None of what follows withdraws or softens my verdict on the "electoral disaster," but:
* I am surprised by how many people will, in one breath, note that Trump is an inveterate liar (which he is), and, in the next breath, lament all the awful things he has said he would do. But most of those, I suspect, were lies too. Again, putting aside the issue about his mental disturbance (which is the really serious and alarming issue in all this), he's a lifelong New Yorker, not a "movement conservative." While Trump isn't going to turn out to be a liberal, I will be astonished if he turns out to be Paul Ryan. His two closest "advisers" are his basically liberal, cosmopolitan daughter, Ivanka, and her husband, Jared Kushner, a lifelong Jewish Democrat, and also a product of the New York metro area his whole life. (This is one reason why Trump has never conformed to the ugly Mike Pence line on gay and transgender people.) The Republican Party has been taken over from the inside, but it hasn't yet figured out for what ends. Nor have we. (See this NYT piece, which gives a good representation of his differing views at different times.)
*Trump lost the popular vote nationally. That is not quite as meaningful as it seems: because of the electoral college system, campaigns devote divergent efforts to rallying the vote accordingly, so we have no way of knowing what the outcome would have been in a pure popular vote system. But that is also irrelevant: the simple fact is that while nearly sixty million people voted for Trump, a couple hundred thousand more voted for Clinton.

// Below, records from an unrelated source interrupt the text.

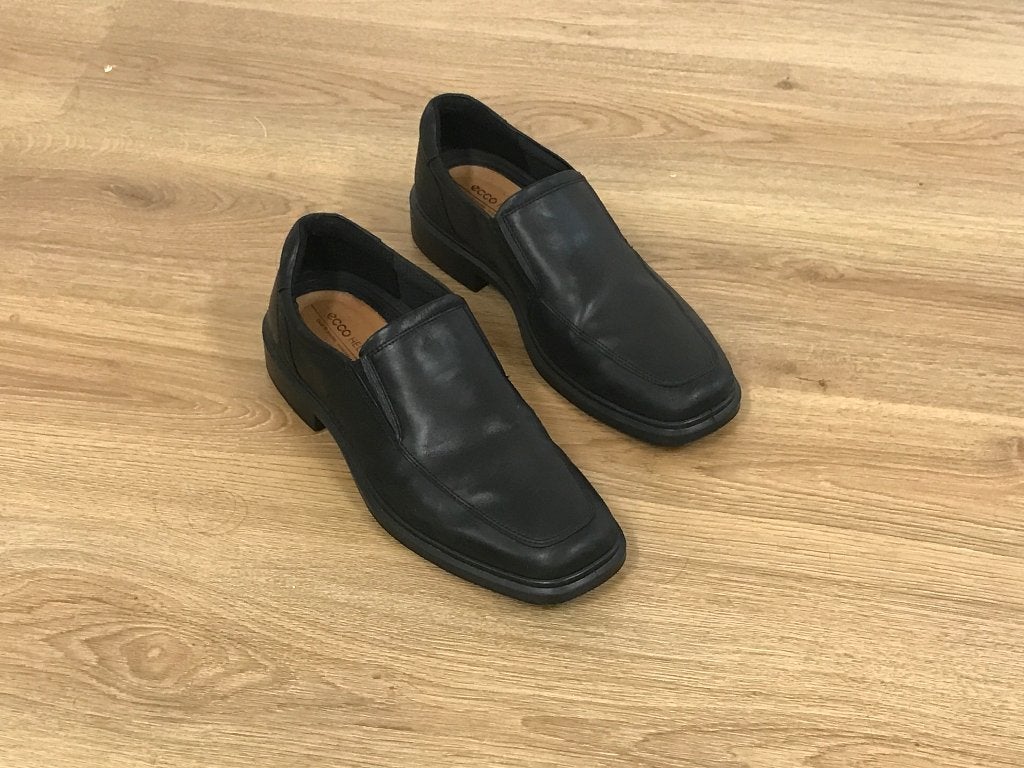 Ecco instappers - type Helsinki 2 - maat 44, Loafers, Ecco, Zwart, Ophalen of Verzenden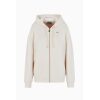 EA7 FELPA CON CAPPUCCIO E ZIP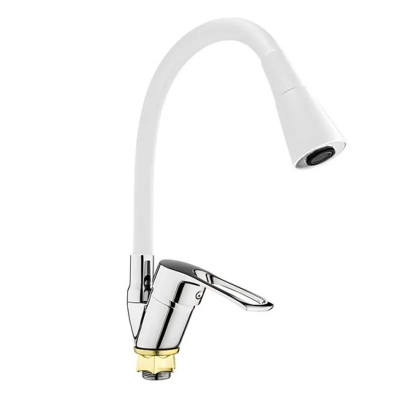 Змішувач для кухні Mixxus Dany 011 (NUT) REFL.WHITE (без підведення) (MI6576) Змішувач для кухні Mixxus Dany 011 (NUT) REFL.WHITE (без підведення) (MI6576)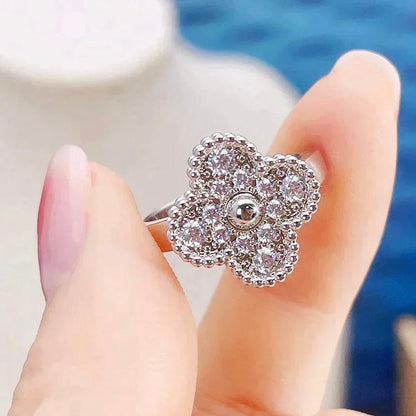 [AuraEcho Jewelry]CLOVER DIAMOND RING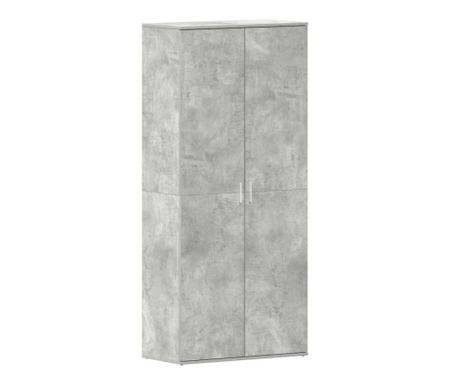 Ormar za cipele s policom Betonski sivi 80 x 39 x 178 cm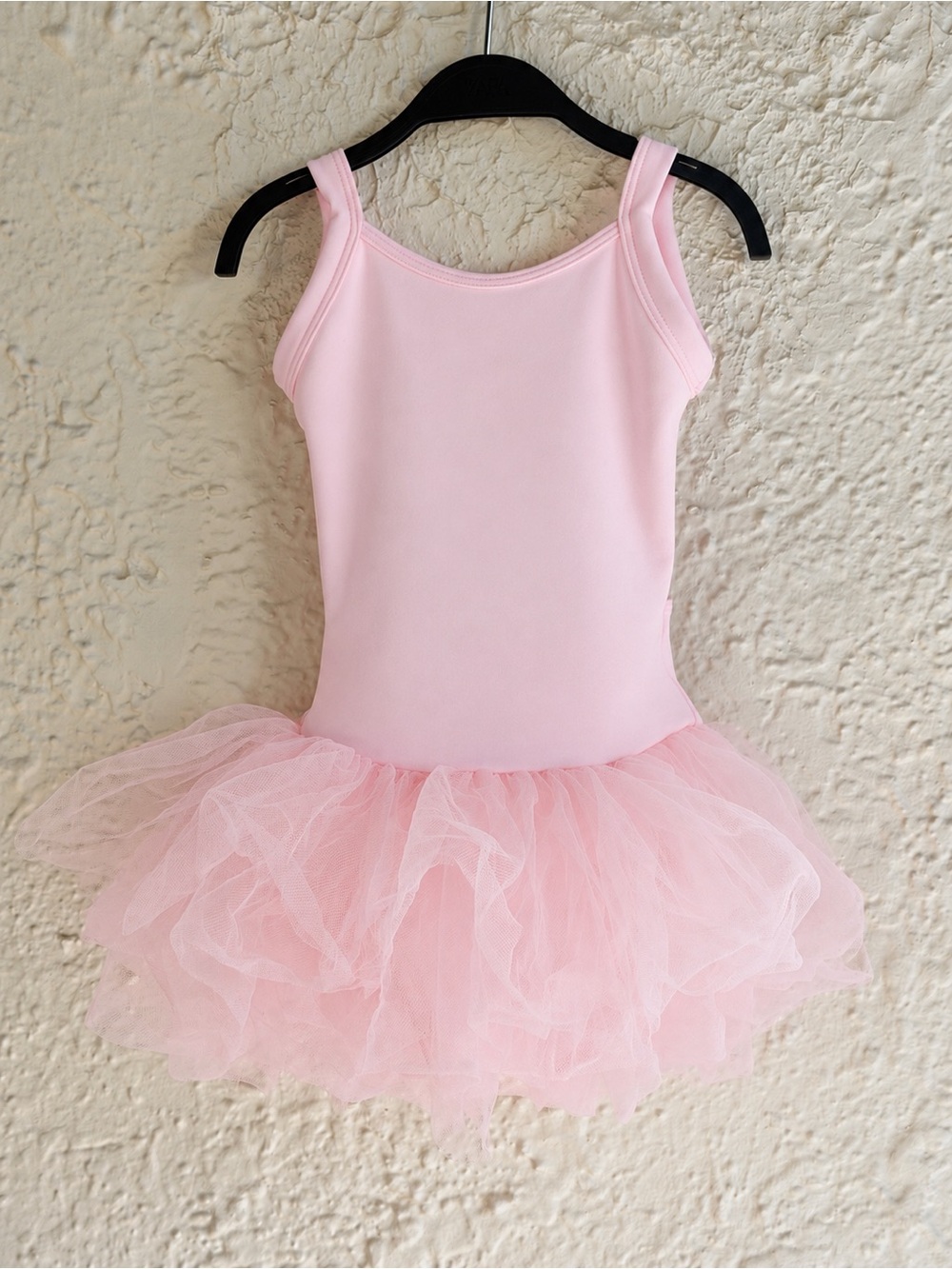 Worn once! Girls' Pink Tulle Ballet Leotard with Layered Tutu, Eurotard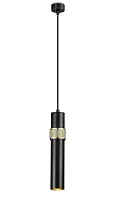 Светильник подвесной Salem V10525-PL Moderli чёрный 1 лампа, основание чёрное в стиле современный трубочки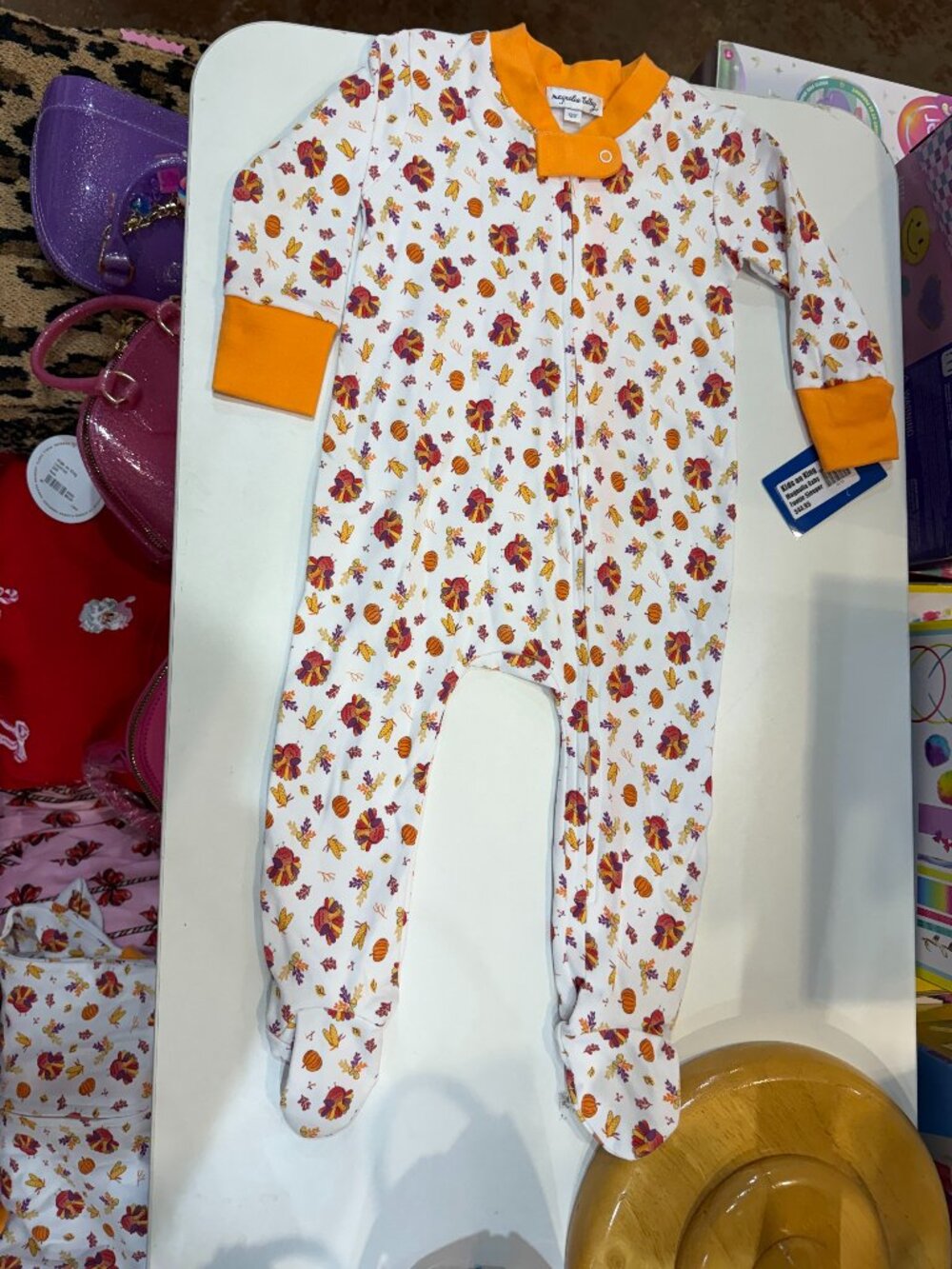 NWT Magnolia Baby Turkey Footie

*The crucial fact of the election appears to be low voter turnout among Democrats. This diagram makes it vivid. (Even Latinos did not surge to the polls, despite Trump's provocations: voter suppression laws passed by Republicans probably played some role, but I fear that it may just be that most Latinos, like most voters, weren't really paying that much attention.) Clinton should have chosen an African-American or Latino running mate. Indeed, she should have stepped aside for Bernie Sanders, who would have captured many of the white voters who went for Trump. Clinton's narcissism, though not rising to the level of psychological disorder as with Trump, played a mighty role in this catastrophe. In any case, what the relatively low turnout means is that the Democrats, if they nominate more competitive candidates, can easily reverse things (assuming there are future elections).
*Lawyers (and judges) are going to be crucial in terms of what happens the next couple of years, since we can predict with certainty that Trump will violate legal and constitutional norms, as he has his entire business career. When Trump collides with a judicial edict we will have the first real test of the stability of the institutions of this alleged democracy.
*My own expectations are quite low. If he does not cause massive human carnage with the use of nuclear weapons, we will have done well. Our only hope on that score is that Ivanka and Jared, and Senator Sessions, and Rudy Giuliani, and the military professionals manage to reign him in. Bear in mind, of course, that it was the "best and brightest" in the Kennedy Administration who almost ended civilization during the Cuban missile crisis with their reckless provocations. Donald Trump and his crew probably qualify as the "worst and the dumbest," but maybe Nixon's old "madman theory"--this time with a real one!--will dissuade potential provocateurs on the other side.
I thank the many readers who have written in the wake of this disasster, and was gratified by the enormous readership yesterday, nearly 50% higher than a normal weekday. I hope these comments and links are of some value to some of you, even though they can hardly count as reassuring.